Berührungsängste hatten sich schnell erledigt

„Ich habe gar nicht in Frage gestellt, ob ich wechsele oder nicht, das war für mich selbstverständlich“, erinnert sich die Pionierin. Sie, ihr Vater, zwei Brüder und später auch ihre jüngere Schwester waren teils zeitgleich in der Feuerwehr. In den ersten eineinhalb Jahren hätten viele der männlichen Kollegen zurückhaltend reagiert - „nicht negativ, aber abwartend“, erinnert sich Kerstin Schütt. Dann waren die Berührungsängste erledigt, sagt sie. Ihre vier Jahre jüngere Schwester Antje Funck ist heute noch Feuerwehrfrau in Hüll - und deren Tochter Kathrin Funck ist seit zwei Jahren bei den Aktiven. Sie liebt „den Adrenalinkick, wenn der Pieper geht und man losrennt. Und dass man hier gemeinsam etwas bewirkt“, erzählt die 18-jährige.

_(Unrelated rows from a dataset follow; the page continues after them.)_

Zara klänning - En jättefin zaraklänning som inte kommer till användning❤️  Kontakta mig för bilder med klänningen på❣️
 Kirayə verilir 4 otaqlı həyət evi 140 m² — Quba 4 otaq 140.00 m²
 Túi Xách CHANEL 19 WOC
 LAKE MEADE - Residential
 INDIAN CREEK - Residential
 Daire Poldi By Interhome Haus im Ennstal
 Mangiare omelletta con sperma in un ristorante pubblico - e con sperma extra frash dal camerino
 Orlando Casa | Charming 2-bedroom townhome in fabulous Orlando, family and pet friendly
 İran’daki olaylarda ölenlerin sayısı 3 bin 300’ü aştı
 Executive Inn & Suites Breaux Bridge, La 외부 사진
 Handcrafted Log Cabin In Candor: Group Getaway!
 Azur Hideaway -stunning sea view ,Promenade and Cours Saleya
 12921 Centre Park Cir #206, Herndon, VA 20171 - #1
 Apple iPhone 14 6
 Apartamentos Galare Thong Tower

Der 50. Geburtstag der Hüller Jugendfeuerwehr am 12. Juli wird dieses Jahr groß gefeiert. Außerdem wird Hüll am 25. Mai Gastgeber für die Kreisjugendfeuerwehr-Wettbewerbe sein. Da wartet viel Arbeit auf Kim Kristin König. Die 32-Jährige ist die Enkelin von Günter König, dem Gründungs-Jugendwart der Ortswehr. Seit 2022 ist sie selbst Jugendwartin in Hüll - dank der Vorarbeit ihres Großvaters, der sich für die Gleichberechtigung in Hüll stark gemacht hat.